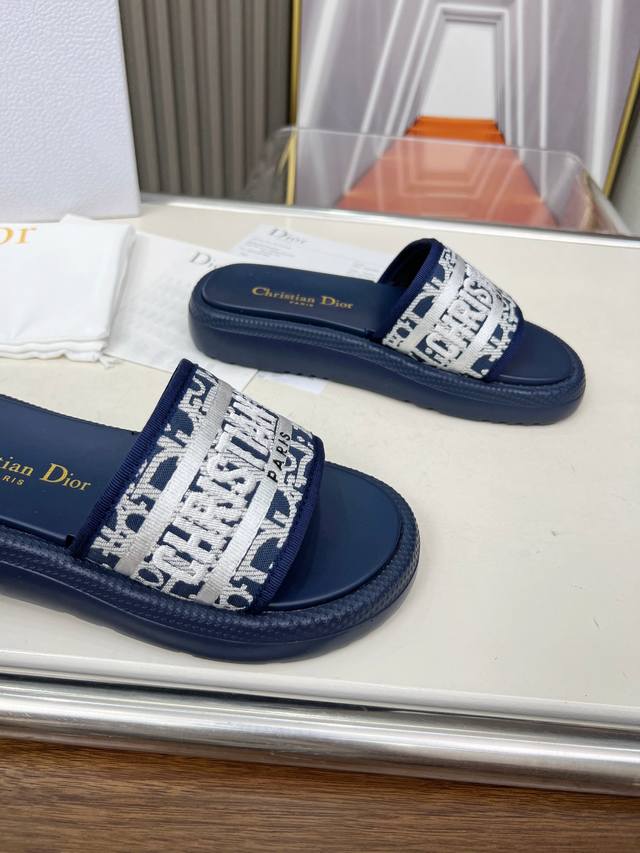工厂P价 女装女鞋 运动原单 迪奥Dior春夏走秀新款凉鞋系列 经典厚底凉鞋 小羊皮内里 1：1开发 脚感柔软细腻 舒适度极高 百搭款 原版发泡大底 轻轻松松驾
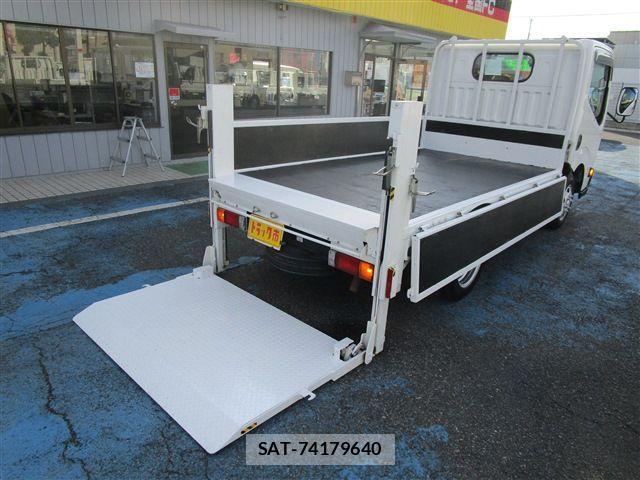 Nissan ATLAS 2019-03 1470792-6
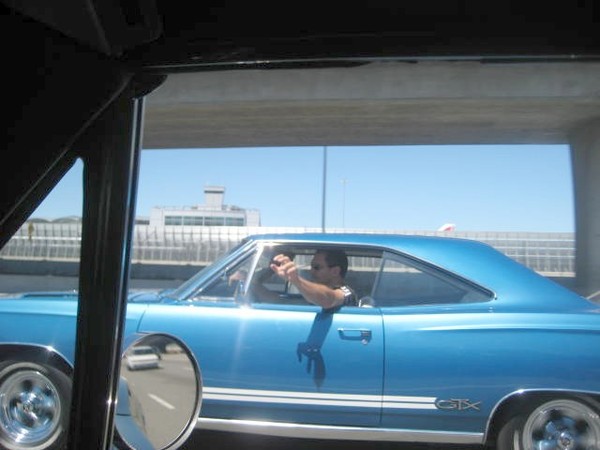 Oh yeah another cool Mopar.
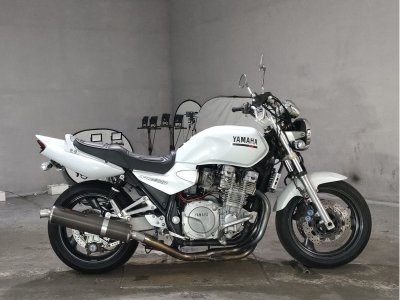 Yamaha XJR1300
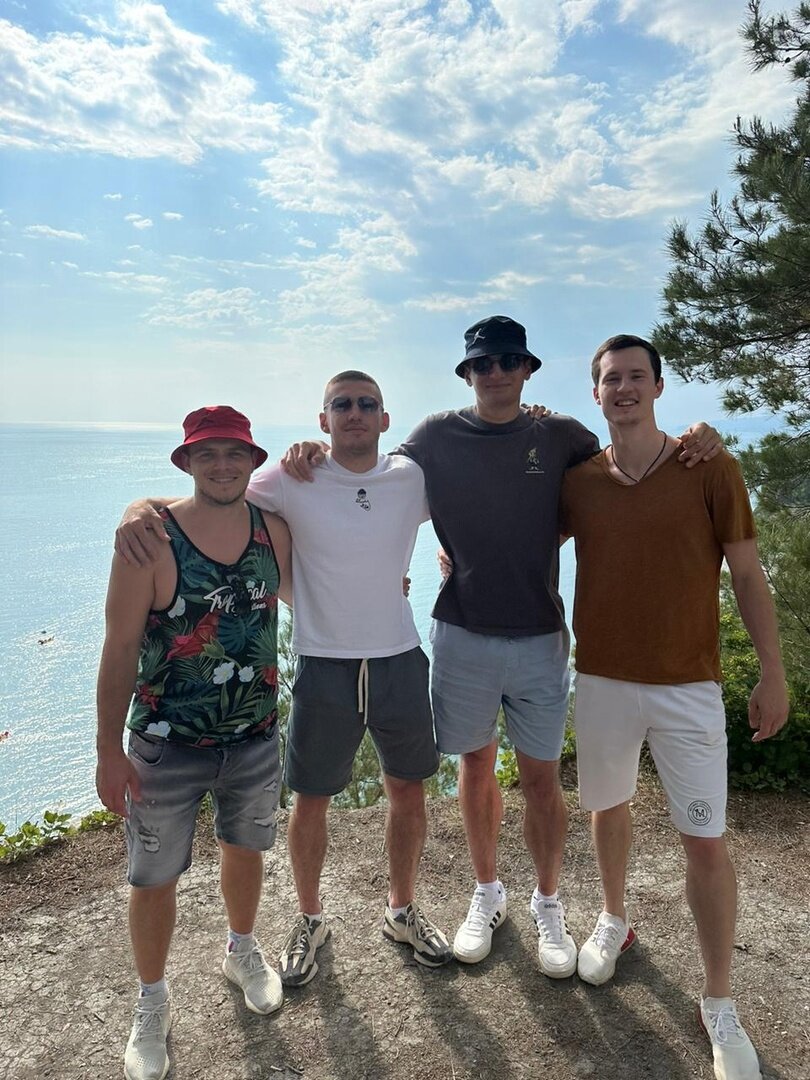 С краснодарскими друзьями: "Справа налево: Савелий Шалабанов, я, Батыр Биданок и наш общий друг Андрей"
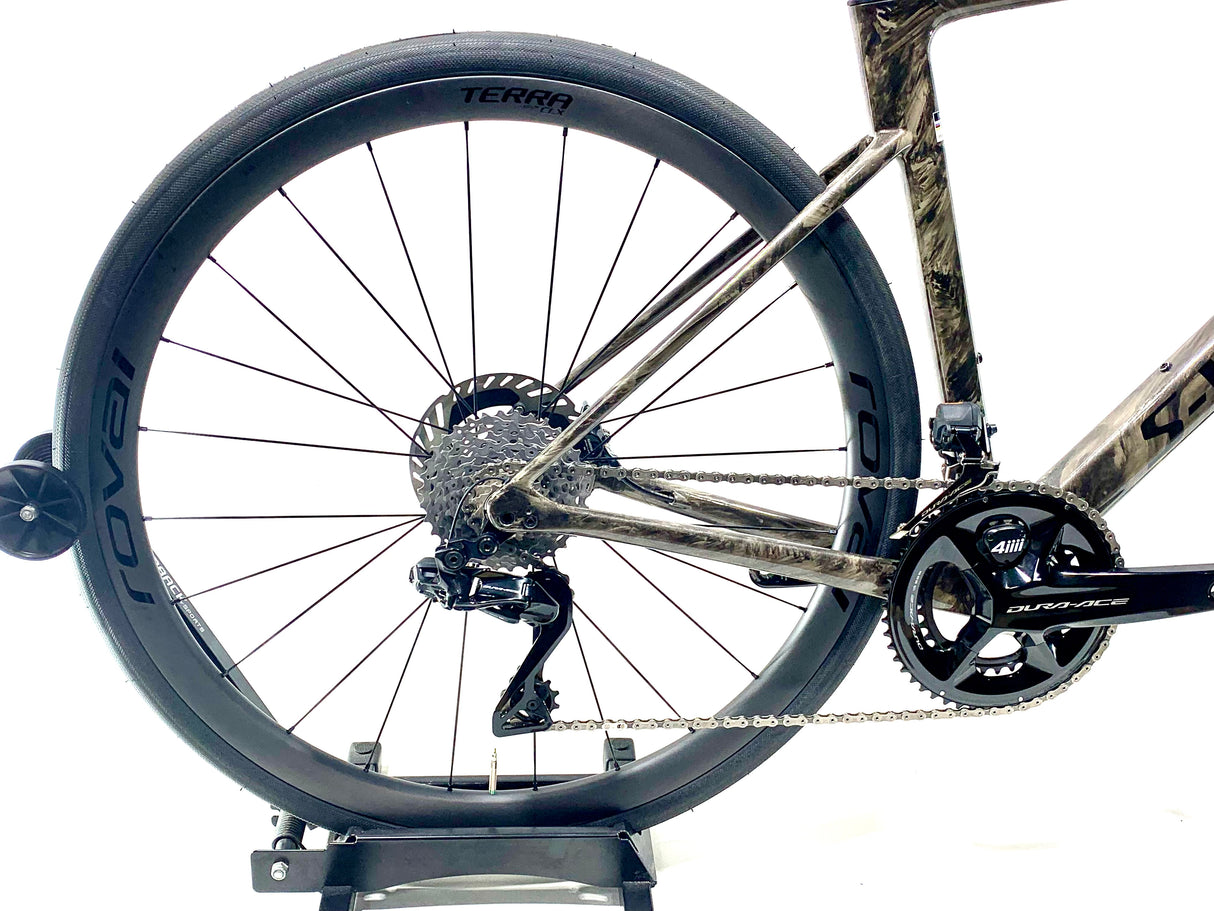 2025 Specialized S-Works Roubaix SL8 Dura Ace Size: 56cm (Preowned)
____________
Task objective:
The lines wanted run from the first one in the material above through the line containing "Yamaha XJR1300"; give them again exactly, leaving out the pictures.

Solution to the problem:
工厂P价 女装女鞋 运动原单 迪奥Dior春夏走秀新款凉鞋系列 经典厚底凉鞋 小羊皮内里 1：1开发 脚感柔软细腻 舒适度极高 百搭款 原版发泡大底 轻轻松松驾
 Nissan ATLAS 2019-03 1470792-6
 Oh yeah another cool Mopar.
 Yamaha XJR1300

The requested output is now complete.